* [What to produce]:
Every line of the data below must be output exactly, with images left out.

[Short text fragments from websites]
[Start of Attachment]
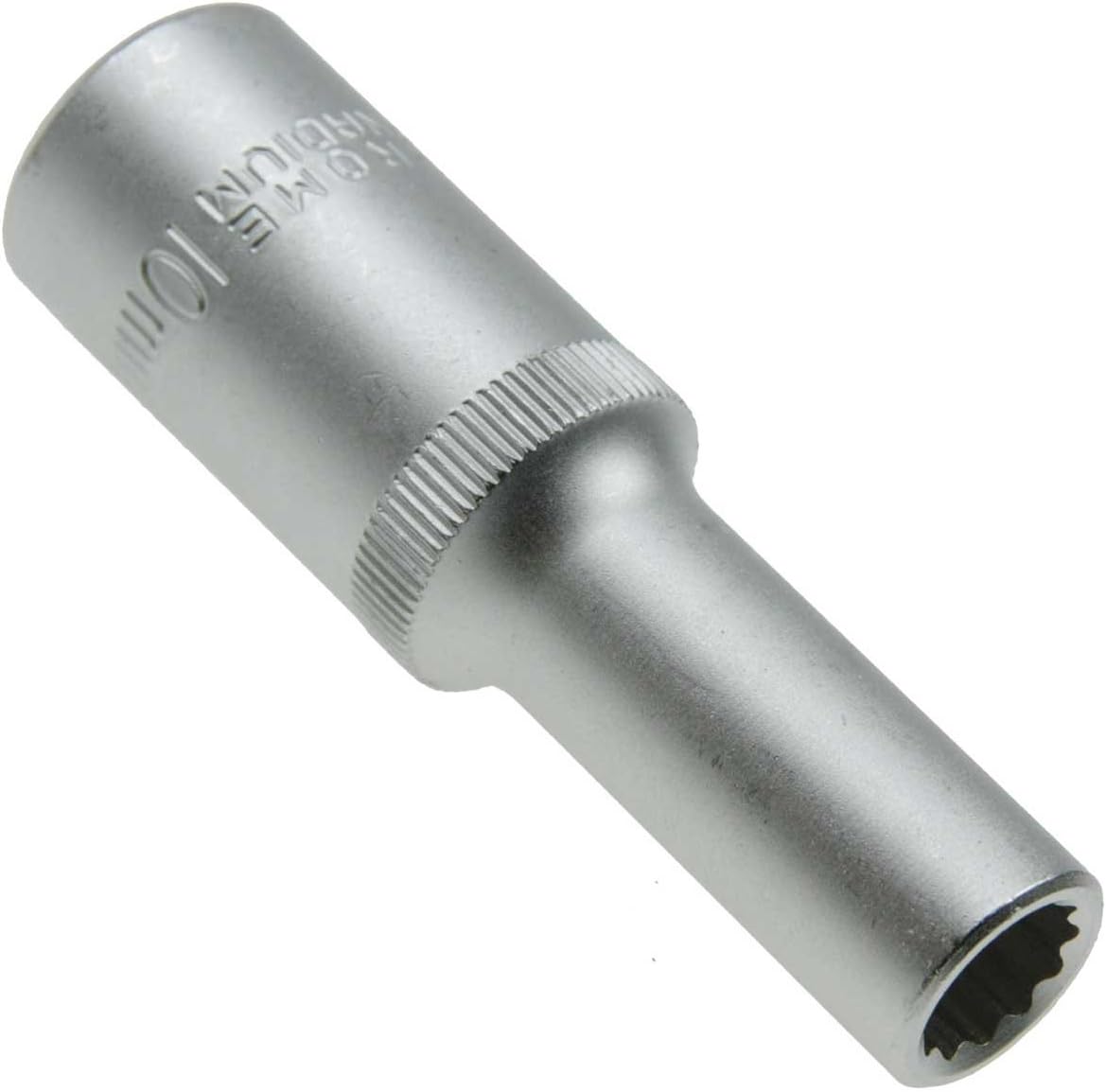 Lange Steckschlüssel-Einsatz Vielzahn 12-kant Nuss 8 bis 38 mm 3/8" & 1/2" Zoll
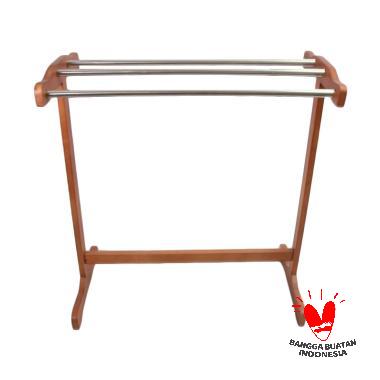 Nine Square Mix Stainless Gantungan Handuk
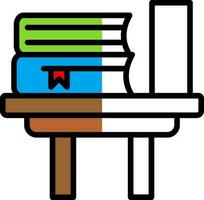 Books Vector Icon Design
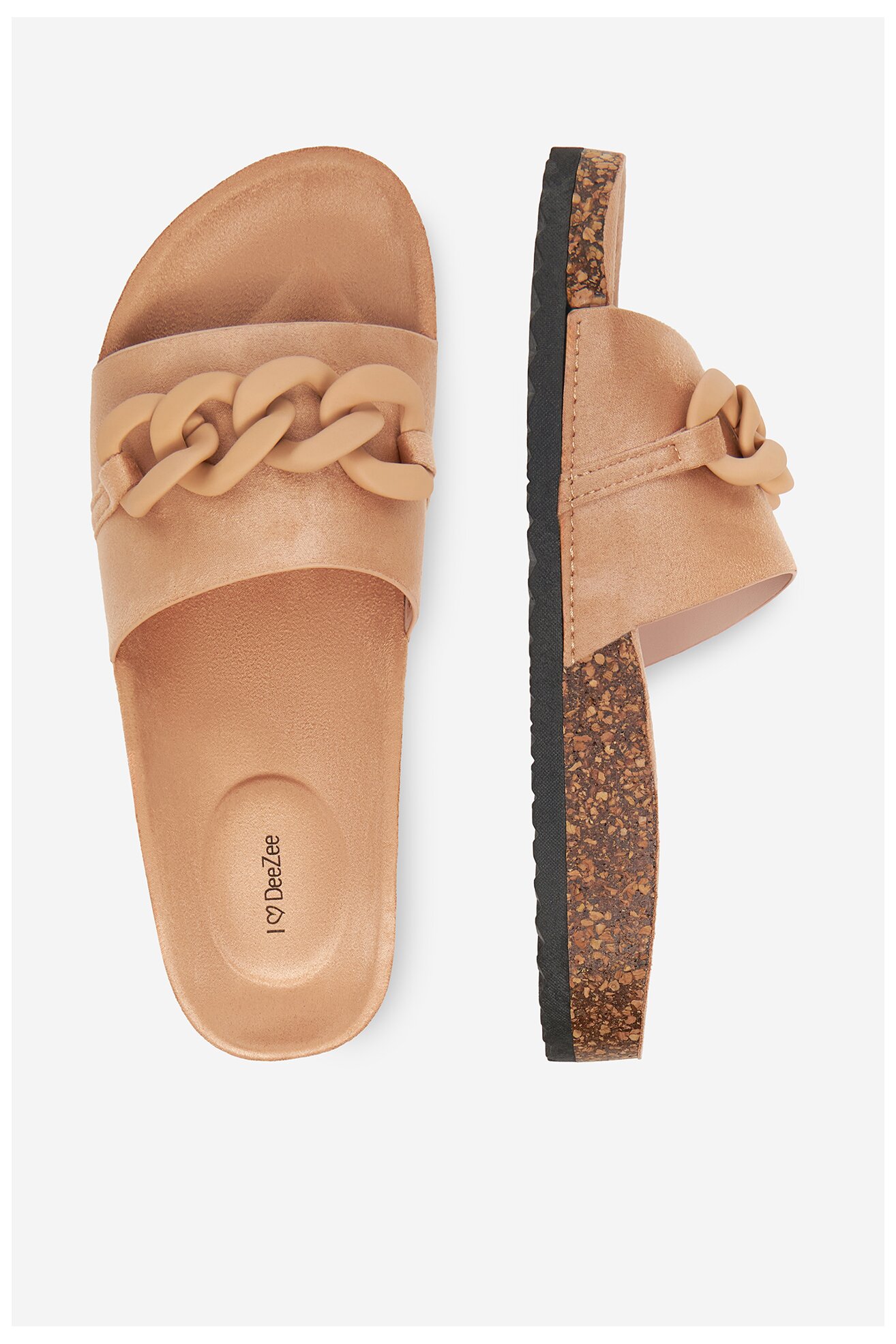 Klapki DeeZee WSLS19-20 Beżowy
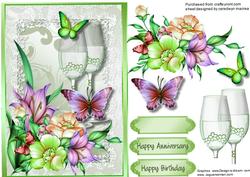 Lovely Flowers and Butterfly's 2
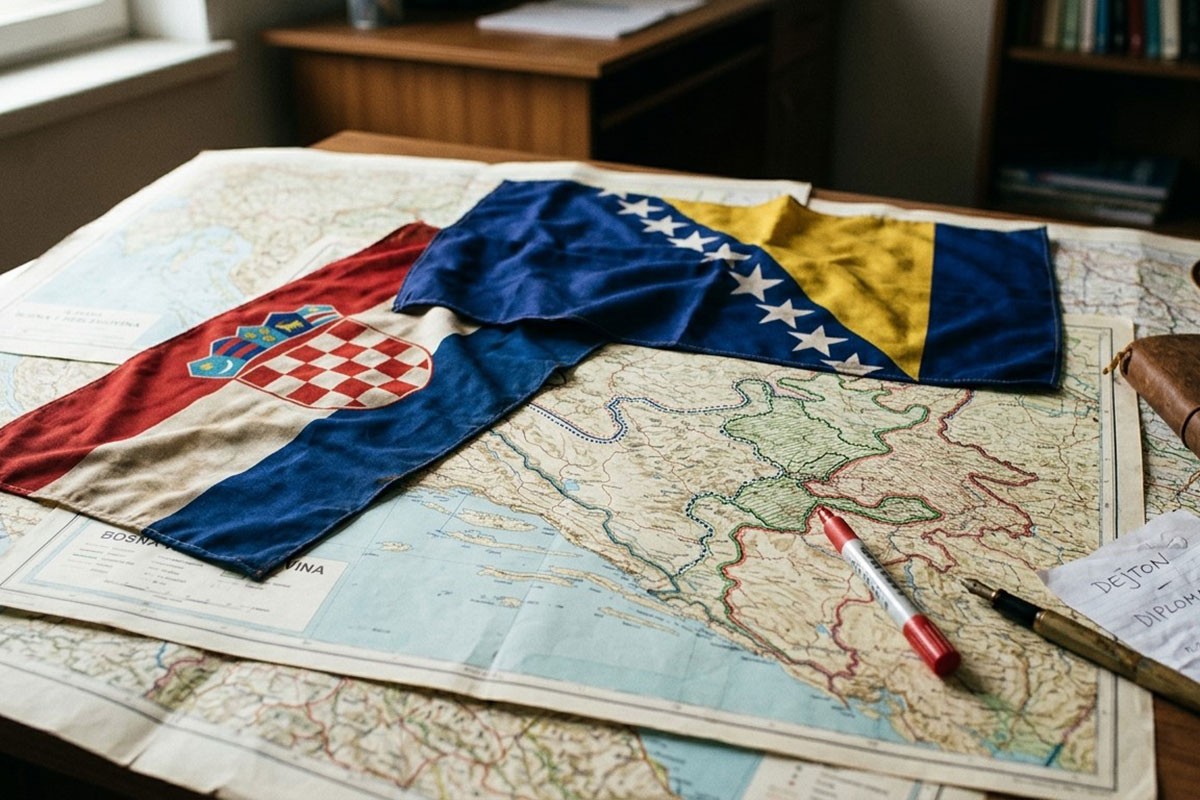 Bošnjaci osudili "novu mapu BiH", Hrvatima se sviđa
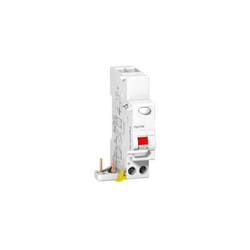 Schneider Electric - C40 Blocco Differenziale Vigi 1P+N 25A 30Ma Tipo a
[End of Attachment]
* [Output]:
 Lange Steckschlüssel-Einsatz Vielzahn 12-kant Nuss 8 bis 38 mm 3/8" & 1/2" Zoll
 Nine Square Mix Stainless Gantungan Handuk
 Books Vector Icon Design
 Klapki DeeZee WSLS19-20 Beżowy
 Lovely Flowers and Butterfly's 2
 Bošnjaci osudili "novu mapu BiH", Hrvatima se sviđa
 Schneider Electric - C40 Blocco Differenziale Vigi 1P+N 25A 30Ma Tipo a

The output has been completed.